The Ojai Planning Commission on Feb. 5 opened a discussion about undergrounding overhead utilities and related resilience options, including phased undergrounding, triggers for required undergrounding and a possible long-term examination of municipal ownership or microgrids.
Planning staff described current policy: when new construction occurs, the private project must underground service lines on private property to the nearest pole in the public right-of-way; work beyond that pole typically remains overhead. “What it requires is when new new construction comes in … they’re required to underground anything that’s on their private property to the nearest pole off-site,” Lucas, planning staff, told the commission. He said the city sees only a few qualifying new‑construction projects per year.

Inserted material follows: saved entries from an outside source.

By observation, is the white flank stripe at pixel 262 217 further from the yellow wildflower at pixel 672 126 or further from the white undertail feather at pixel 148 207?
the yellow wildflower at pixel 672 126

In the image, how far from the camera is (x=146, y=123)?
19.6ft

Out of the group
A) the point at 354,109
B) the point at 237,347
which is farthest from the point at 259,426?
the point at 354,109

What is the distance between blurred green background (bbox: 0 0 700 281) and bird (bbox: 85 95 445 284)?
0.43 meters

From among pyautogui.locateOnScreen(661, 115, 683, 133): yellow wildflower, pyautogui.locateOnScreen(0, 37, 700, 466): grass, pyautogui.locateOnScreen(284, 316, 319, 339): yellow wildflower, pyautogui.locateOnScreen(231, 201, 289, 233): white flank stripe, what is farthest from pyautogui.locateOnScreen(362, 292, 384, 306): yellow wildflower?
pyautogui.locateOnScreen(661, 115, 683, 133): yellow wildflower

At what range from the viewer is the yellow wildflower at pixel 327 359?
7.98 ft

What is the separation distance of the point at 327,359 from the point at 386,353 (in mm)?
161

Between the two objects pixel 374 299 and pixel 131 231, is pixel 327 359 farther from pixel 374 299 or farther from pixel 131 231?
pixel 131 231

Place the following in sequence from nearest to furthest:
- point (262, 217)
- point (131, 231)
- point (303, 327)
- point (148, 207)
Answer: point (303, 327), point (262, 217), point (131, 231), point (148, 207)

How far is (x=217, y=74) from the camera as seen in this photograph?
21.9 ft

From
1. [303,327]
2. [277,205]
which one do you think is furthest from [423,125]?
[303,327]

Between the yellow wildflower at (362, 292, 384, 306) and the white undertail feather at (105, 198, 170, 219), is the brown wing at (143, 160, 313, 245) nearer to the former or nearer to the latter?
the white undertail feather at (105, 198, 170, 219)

Commissioners and members of the public said outages caused by downed lines — and the visual effect of poles and wires — are concerns for safety, wildfire risk and community character. Public commenters noted downtown blocks and some neighborhoods already have underground utilities. Several speakers recommended the city identify phased priorities linked to specific triggers: pole replacement, street paving, major maintenance events, and sale or redevelopment of parcels. Staff and the mayor also raised the possibility of larger options such as municipal ownership of distribution lines or neighborhood microgrids, but cautioned that cost, utility agreements and the need for council-level direction make those longer-term ideas complex.
Multiple members of the public urged starting with concrete, near-term triggers to reduce risk from wind, tree strikes and aging infrastructure. Planning staff recommended the commission identify the trigger points and a scope of work to take to City Council; the commission agreed by consensus to ask staff to prepare background research and to bring the topic to a future joint meeting with council. Commissioner Robert (first name provided in transcript) volunteered to take initial responsibility for researching cost estimates and neighbor-city examples.

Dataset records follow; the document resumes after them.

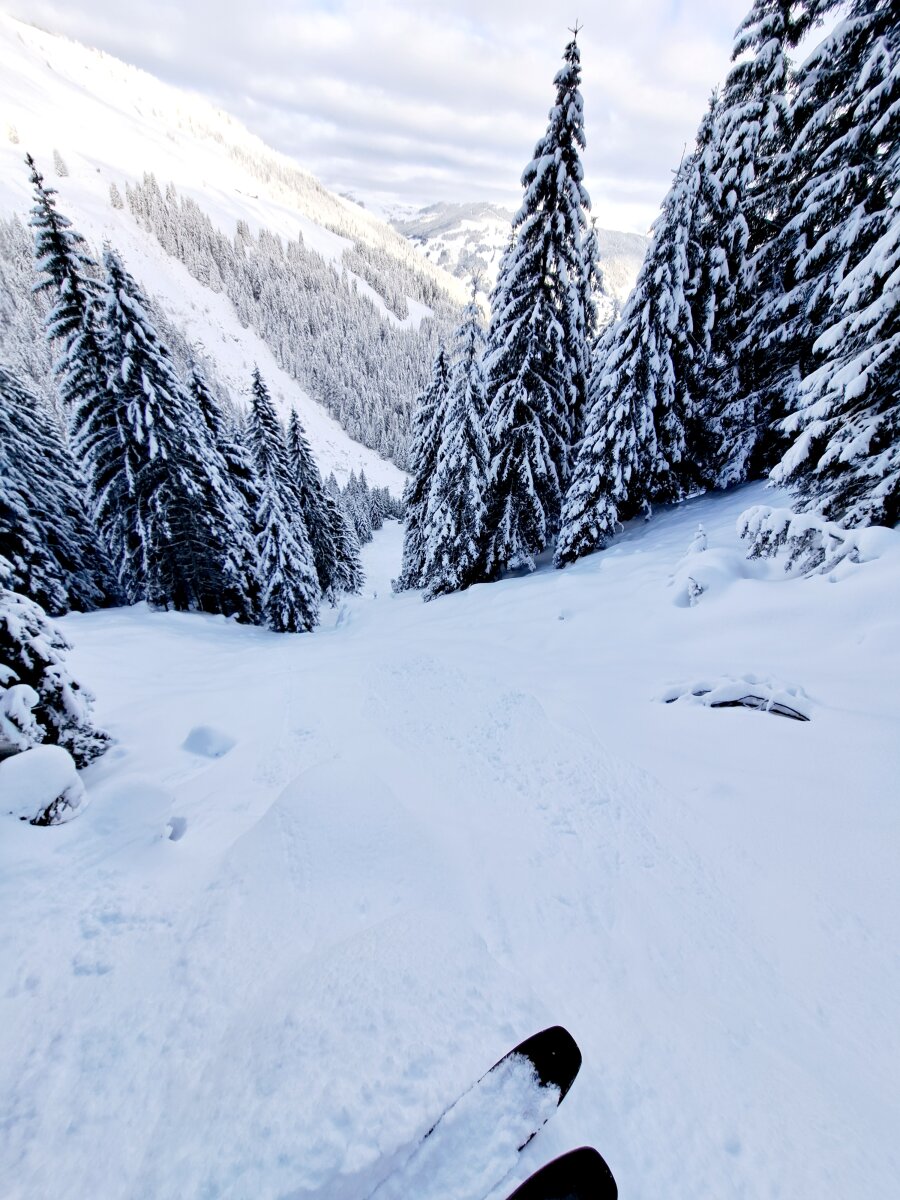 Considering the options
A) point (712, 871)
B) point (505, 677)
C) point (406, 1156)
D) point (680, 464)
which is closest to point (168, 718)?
point (505, 677)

Speakers recommended that staff gather: (1) a map of where utilities are already underground; (2) examples of trigger-based programs used by other California cities; (3) initial cost estimates per linear foot for undergrounding from both Southern California Edison and qualified local contractors; and (4) case studies of municipal-utility or microgrid transitions elsewhere. Planning staff said they would reach out to planning colleagues in other cities and return with research for the commission’s subcommittee and future council discussion.
The commission indicated a short-term priority on public-safety and maintenance triggers (pole replacement, major street repaving and responses to repeated outages) and a longer-term interest in studying phased undergrounding as part of a resilience strategy.